The miserable, ravenous beast in Phainon's chest threatens to break loose. He swallows.

“You know why.”

Mydei observes him for a moment, then moves around Phainon to inspect the campsite, putting a safe distance between them. He's dressed for space travel and missing half his regalia, Phainon notices vaguely, but that doesn't detract from his brilliance at all.

"It's not meant to be a permanent dwelling," Phainon says to Mydei's back. "I'll find somewhere else once I'm ready to leave."

"Will you not return to Amphoreus?" Mydei asks without turning.

Phainon bites his lip. "I can't," he says.

Mydei pauses his inspection of the campsite. He glances back at Phainon with those unerring eyes of his, and Phainon despairs a little, because it had been hard enough leaving the first time, and to have Mydei right here in front of him now is agony.

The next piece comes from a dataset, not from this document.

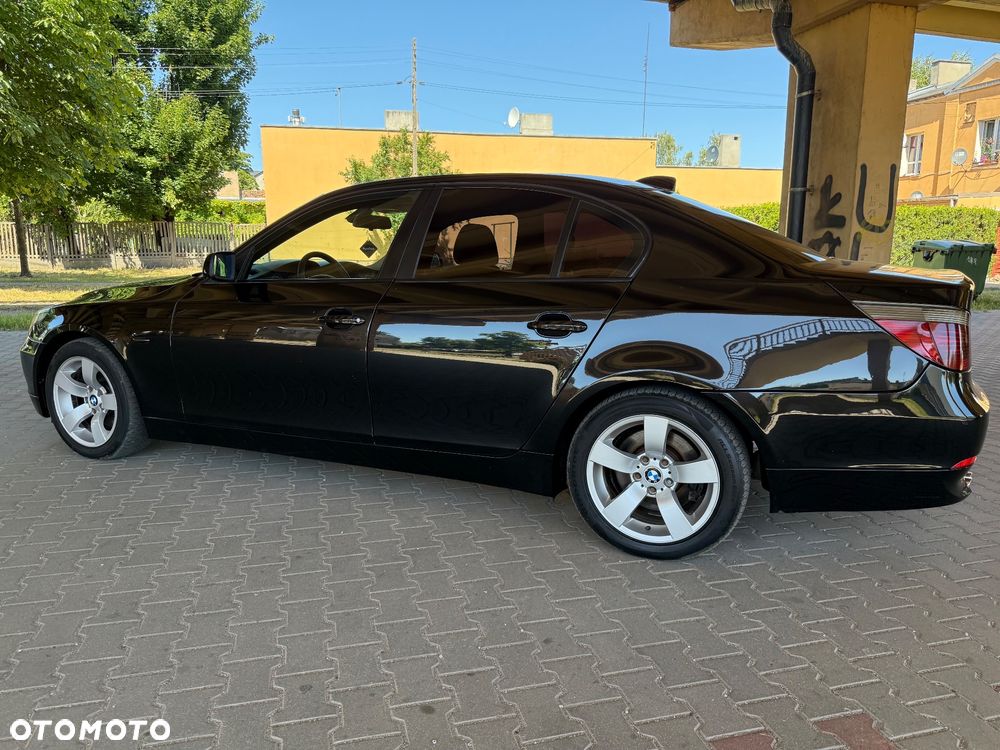 BMW Seria 5 530i - 22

"Come back with me," he says. "Amphoreus awaits your return."

"No."

"Deliverer—"

"I can't," Phainon says again.

"Where will you go, then?" Mydei demands, losing his composure for the first time since his descent. "Will you continue to hide away on barren worlds until you become barren yourself? Is that your intention? To torment yourself?"

"Torment myself," Phainon echoes. The corner of his mouth twists up, though he doesn't feel like smiling. "That's a new way of putting it. Perhaps you're right."

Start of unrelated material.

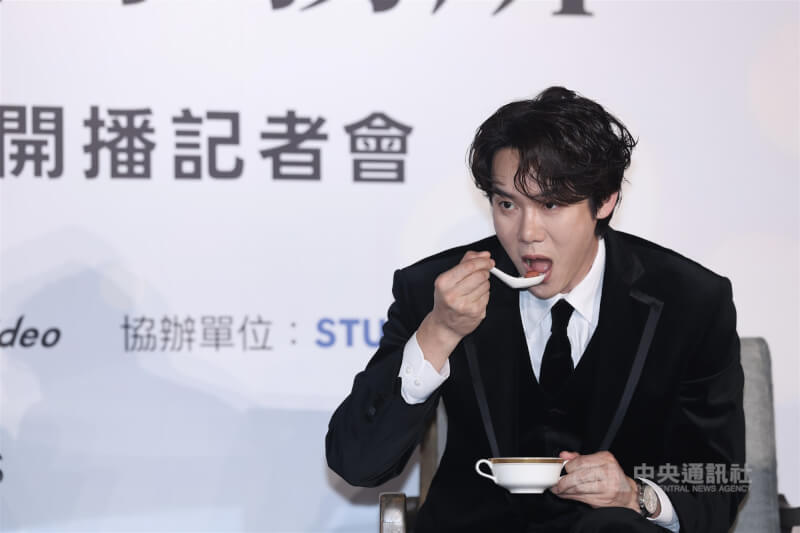 韓國演員柳演錫（圖）來台宣傳新劇「神與律師事務所」，3日下午在台北萬豪酒店出席開播記者會，適逢元宵節，柳演錫試吃主辦單位送上的湯圓。中央社記者吳家昇攝　115年3月3日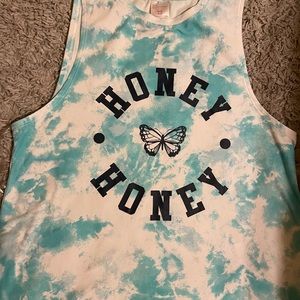 Girls blue sleeveless shirt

Mydei falls silent, as if there's something Phainon said that has left him at a loss. Phainon turns away.

"It doesn't have to be so," Mydei says, behind him. "Return with me, Deliverer. The Era Nova awaits you. You above all others deserve a place in it."

Phainon thinks: this isn't something he can endure.

"If you won't leave, then I will," he says. "Don't follow me."

He steps past the boundary of the campsite and crosses into the vast landscape beyond. The coreflames in his body eagerly leap for freedom, let loose at last from restraint, and he feels himself change with it, cracks spreading through his flesh and wings unfolding out of his back, ready to carry him away. But there's a hand on his shoulder that prevents him from taking off, and Phainon stops short when Mydei says, furiously, "Don't you dare run from me, haikas."

"Let go," Phainon says.

But Mydei doesn't. He drags Phainon back around and there's a glint in his eyes that usually heralds a long, physical bout of some kind, which is why Phainon isn't surprised when Mydei punches him across the face.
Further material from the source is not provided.